A la suite de l’élection présidentielle de 2012, le législateur français avait soumis les revenus du capital (plus-values immobilières et sur valeurs mobilières notamment) des non-résidents aux prélèvements sociaux (CSG, CRDS, prélèvement social et autres, pour un total à l’époque de 15,5%).

Cette innovation législative avait nourri un contentieux de masse, les contribuables non-résidents arguant principalement du fait que ces prélèvements avaient pour objet le financement du système de sécurité sociale français dont ils ne bénéficiaient pas.

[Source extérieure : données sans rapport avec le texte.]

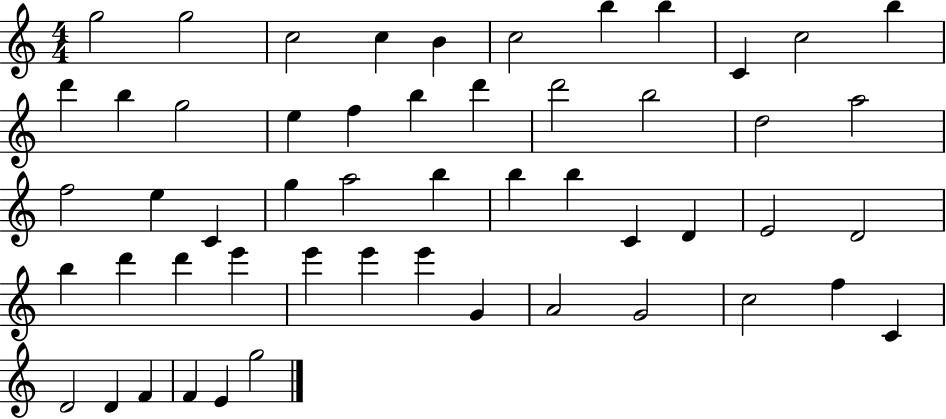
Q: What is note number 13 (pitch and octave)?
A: B5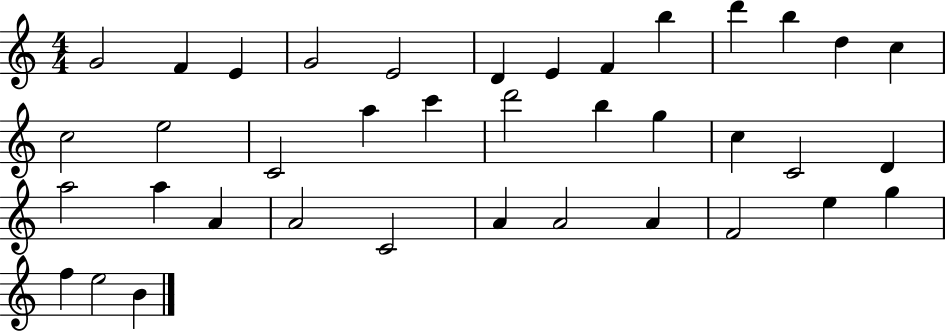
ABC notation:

X:1
T:Untitled
M:4/4
L:1/4
K:C
G2 F E G2 E2 D E F b d' b d c c2 e2 C2 a c' d'2 b g c C2 D a2 a A A2 C2 A A2 A F2 e g f e2 B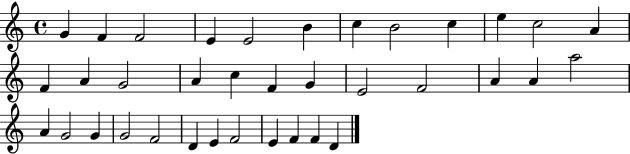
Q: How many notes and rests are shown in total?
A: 36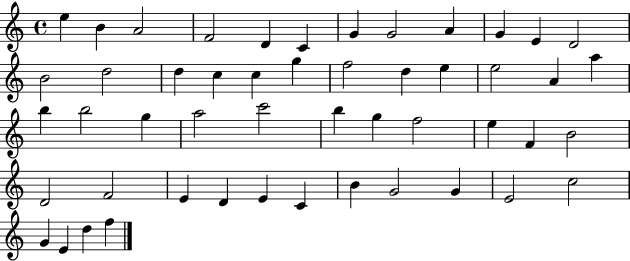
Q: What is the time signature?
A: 4/4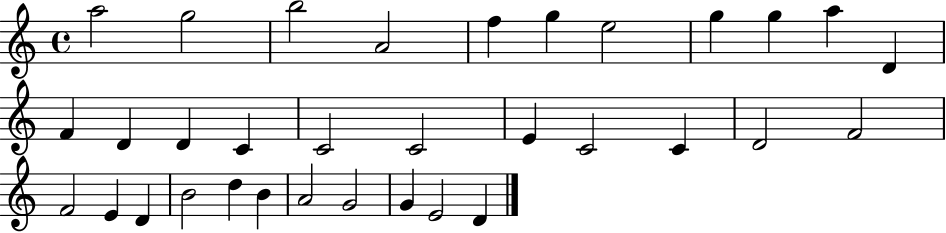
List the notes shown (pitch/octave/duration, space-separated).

A5/h G5/h B5/h A4/h F5/q G5/q E5/h G5/q G5/q A5/q D4/q F4/q D4/q D4/q C4/q C4/h C4/h E4/q C4/h C4/q D4/h F4/h F4/h E4/q D4/q B4/h D5/q B4/q A4/h G4/h G4/q E4/h D4/q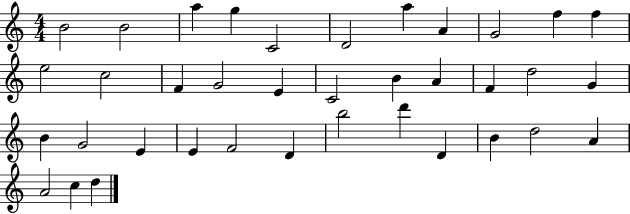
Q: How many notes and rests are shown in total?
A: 37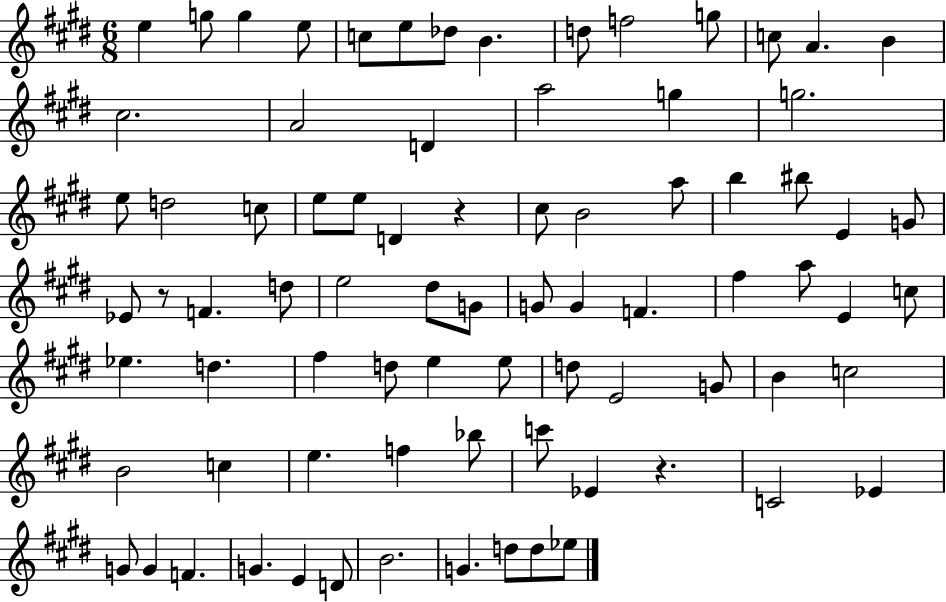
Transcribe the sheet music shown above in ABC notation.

X:1
T:Untitled
M:6/8
L:1/4
K:E
e g/2 g e/2 c/2 e/2 _d/2 B d/2 f2 g/2 c/2 A B ^c2 A2 D a2 g g2 e/2 d2 c/2 e/2 e/2 D z ^c/2 B2 a/2 b ^b/2 E G/2 _E/2 z/2 F d/2 e2 ^d/2 G/2 G/2 G F ^f a/2 E c/2 _e d ^f d/2 e e/2 d/2 E2 G/2 B c2 B2 c e f _b/2 c'/2 _E z C2 _E G/2 G F G E D/2 B2 G d/2 d/2 _e/2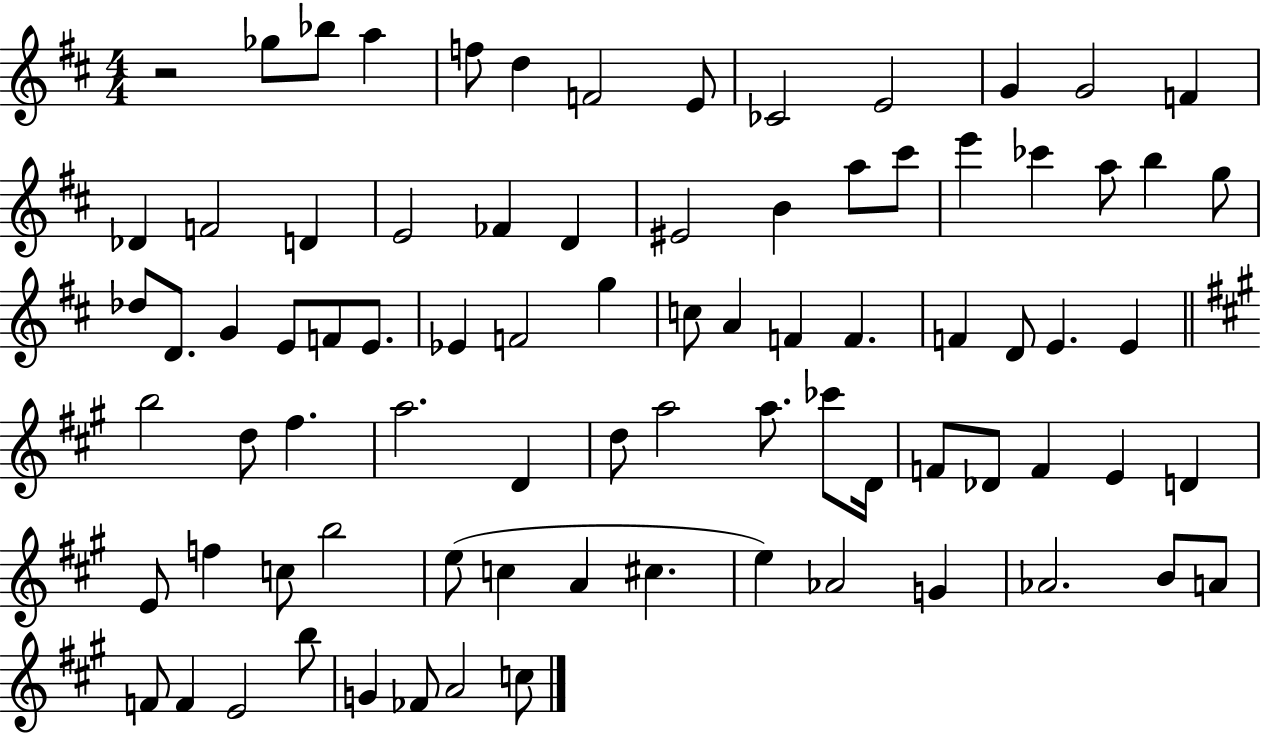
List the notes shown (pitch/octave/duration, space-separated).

R/h Gb5/e Bb5/e A5/q F5/e D5/q F4/h E4/e CES4/h E4/h G4/q G4/h F4/q Db4/q F4/h D4/q E4/h FES4/q D4/q EIS4/h B4/q A5/e C#6/e E6/q CES6/q A5/e B5/q G5/e Db5/e D4/e. G4/q E4/e F4/e E4/e. Eb4/q F4/h G5/q C5/e A4/q F4/q F4/q. F4/q D4/e E4/q. E4/q B5/h D5/e F#5/q. A5/h. D4/q D5/e A5/h A5/e. CES6/e D4/s F4/e Db4/e F4/q E4/q D4/q E4/e F5/q C5/e B5/h E5/e C5/q A4/q C#5/q. E5/q Ab4/h G4/q Ab4/h. B4/e A4/e F4/e F4/q E4/h B5/e G4/q FES4/e A4/h C5/e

La Cour de Justice de l’Union Européenne (CJUE), saisie d’une question préjudicielle par le Conseil d’État avait précisé que dans le cadre du règlement européen sur la sécurité sociale, les résidents membres de l’UE et de Suisse (qui est liée à l’UE par un accord spécifique sur ce point) ne pouvaient être assujettis qu’à une seule législation et donc, n’être amenés à financer qu’un seul système de sécurité sociale (CJUE, 26 février 2015, C 623/13).

Tirant les conclusions de l’arrêt de la CJUE, le Conseil d’État a jugé dans une décision du 27 juillet 2015 que l’assujettissement des non-résidents membres de l’UE et Suisses à la CSG et la CRDS étaient non conforme au droit de l’UE (CE, 27 juillet 2015, n°334551). Cette décision a conduit un grand nombre de contribuables ayant supporté ces prélèvements à en réclamer le remboursement.

Restait néanmoins la question de l’applicabilité de la solution aux non-résidents non affiliés à un régime de sécurité sociale d’un État membre de l’UE ou de Suisse. C’est cette question qui vient d’être tranchée par le Conseil d’État le 5 mars 2018.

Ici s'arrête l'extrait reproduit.